» **Description of the task**:
Filter the records below, keeping only lines with the string "Straße".

» **Data**:
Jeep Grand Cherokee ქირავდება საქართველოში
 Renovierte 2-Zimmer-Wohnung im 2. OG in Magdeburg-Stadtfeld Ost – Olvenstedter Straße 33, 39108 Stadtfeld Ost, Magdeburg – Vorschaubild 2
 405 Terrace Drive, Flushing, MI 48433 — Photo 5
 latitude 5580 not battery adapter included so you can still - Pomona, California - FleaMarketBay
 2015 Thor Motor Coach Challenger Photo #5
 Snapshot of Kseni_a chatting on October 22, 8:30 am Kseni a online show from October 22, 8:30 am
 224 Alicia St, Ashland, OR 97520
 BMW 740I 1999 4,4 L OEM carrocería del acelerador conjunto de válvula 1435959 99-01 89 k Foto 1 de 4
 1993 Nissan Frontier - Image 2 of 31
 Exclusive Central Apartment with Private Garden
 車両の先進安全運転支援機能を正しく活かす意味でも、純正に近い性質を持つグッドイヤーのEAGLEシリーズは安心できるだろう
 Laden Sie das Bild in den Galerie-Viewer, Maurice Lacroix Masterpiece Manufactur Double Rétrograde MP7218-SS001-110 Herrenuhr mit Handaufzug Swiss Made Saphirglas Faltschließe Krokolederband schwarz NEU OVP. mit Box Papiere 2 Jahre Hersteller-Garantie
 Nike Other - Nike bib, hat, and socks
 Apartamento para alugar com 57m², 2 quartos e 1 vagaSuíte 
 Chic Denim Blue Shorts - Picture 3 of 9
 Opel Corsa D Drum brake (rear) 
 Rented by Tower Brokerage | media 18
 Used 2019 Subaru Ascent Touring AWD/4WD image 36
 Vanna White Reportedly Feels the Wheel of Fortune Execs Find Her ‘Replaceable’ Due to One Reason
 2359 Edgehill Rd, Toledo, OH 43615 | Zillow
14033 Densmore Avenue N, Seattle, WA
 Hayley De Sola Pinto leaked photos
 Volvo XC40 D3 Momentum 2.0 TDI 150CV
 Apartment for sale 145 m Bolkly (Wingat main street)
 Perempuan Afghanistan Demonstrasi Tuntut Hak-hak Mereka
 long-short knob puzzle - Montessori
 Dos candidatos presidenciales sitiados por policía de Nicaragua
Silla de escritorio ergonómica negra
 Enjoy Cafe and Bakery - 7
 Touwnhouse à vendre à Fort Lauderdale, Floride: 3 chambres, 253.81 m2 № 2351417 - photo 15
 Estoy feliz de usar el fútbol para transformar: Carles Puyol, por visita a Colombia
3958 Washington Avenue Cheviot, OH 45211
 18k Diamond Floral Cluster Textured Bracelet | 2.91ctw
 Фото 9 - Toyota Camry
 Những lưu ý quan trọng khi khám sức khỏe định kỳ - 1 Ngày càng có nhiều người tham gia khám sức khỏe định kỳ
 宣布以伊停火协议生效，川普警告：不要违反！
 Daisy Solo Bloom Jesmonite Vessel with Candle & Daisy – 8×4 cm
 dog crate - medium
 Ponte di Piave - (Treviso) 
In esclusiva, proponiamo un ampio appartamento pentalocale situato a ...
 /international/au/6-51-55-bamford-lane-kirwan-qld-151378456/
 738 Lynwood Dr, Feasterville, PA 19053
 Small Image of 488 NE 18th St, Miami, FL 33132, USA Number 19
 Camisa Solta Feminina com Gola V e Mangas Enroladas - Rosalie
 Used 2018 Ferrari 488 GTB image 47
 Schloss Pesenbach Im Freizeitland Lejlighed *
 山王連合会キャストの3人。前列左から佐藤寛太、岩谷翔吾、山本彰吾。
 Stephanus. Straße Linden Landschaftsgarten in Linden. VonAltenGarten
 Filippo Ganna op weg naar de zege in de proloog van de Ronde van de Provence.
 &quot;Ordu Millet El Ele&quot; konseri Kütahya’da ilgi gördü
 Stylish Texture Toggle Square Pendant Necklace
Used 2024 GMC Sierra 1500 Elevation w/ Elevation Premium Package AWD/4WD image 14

» **Answer space**:
 Renovierte 2-Zimmer-Wohnung im 2. OG in Magdeburg-Stadtfeld Ost – Olvenstedter Straße 33, 39108 Stadtfeld Ost, Magdeburg – Vorschaubild 2
 Stephanus. Straße Linden Landschaftsgarten in Linden. VonAltenGarten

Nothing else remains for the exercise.